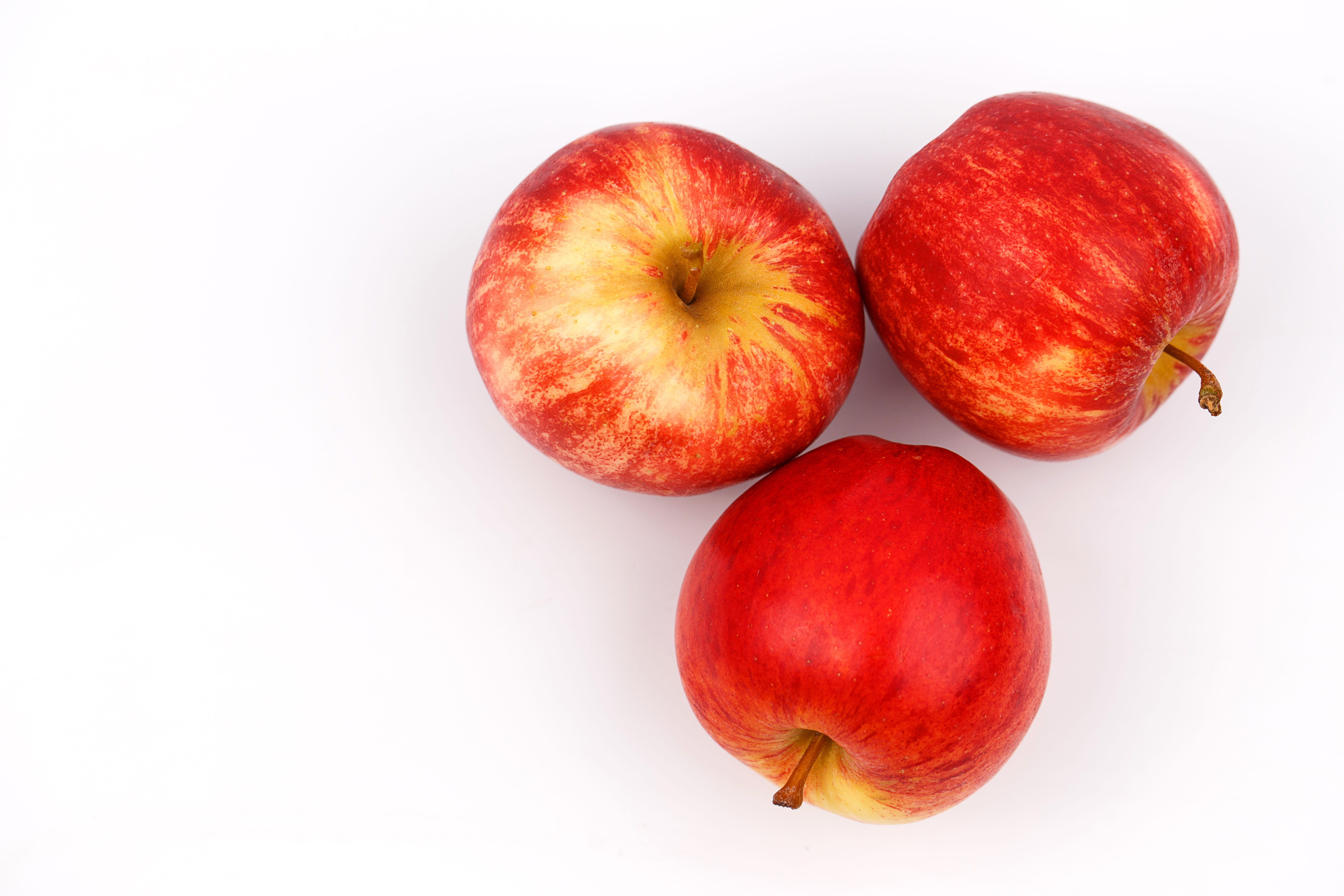 Directly Above Shot Of Apples Over White Background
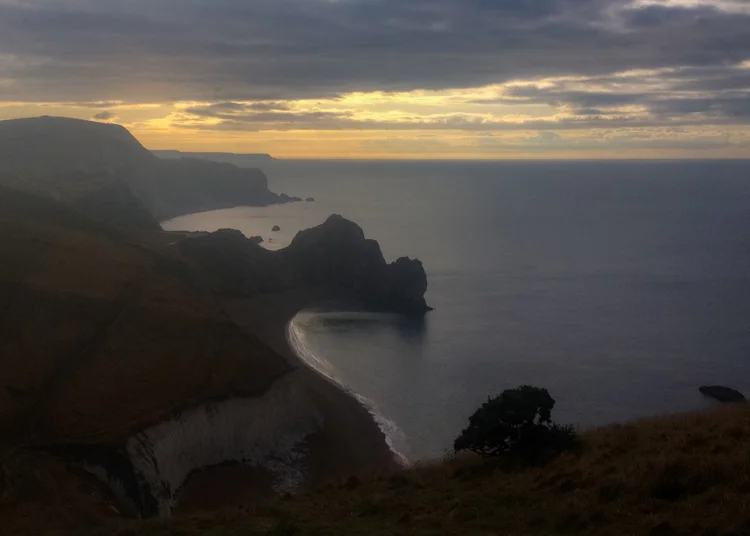 Durdle Door rocks in silhouette against a golden sunrise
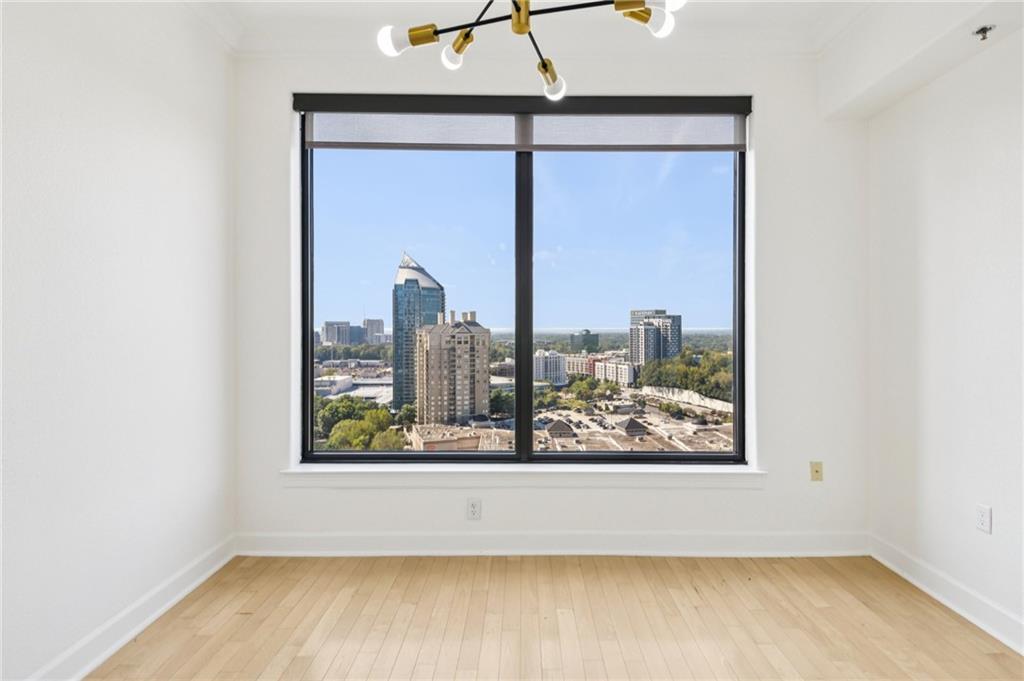 3445 Stratford Road Northeast, Unit 2602 Atlanta, GA 30326 - Photo 37 of 56 a view of a room with wooden floor and a window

__Action item__
Without including any pictures, copy every line above exactly.

__Answer space__
 Directly Above Shot Of Apples Over White Background
 Durdle Door rocks in silhouette against a golden sunrise
 3445 Stratford Road Northeast, Unit 2602 Atlanta, GA 30326 - Photo 37 of 56 a view of a room with wooden floor and a window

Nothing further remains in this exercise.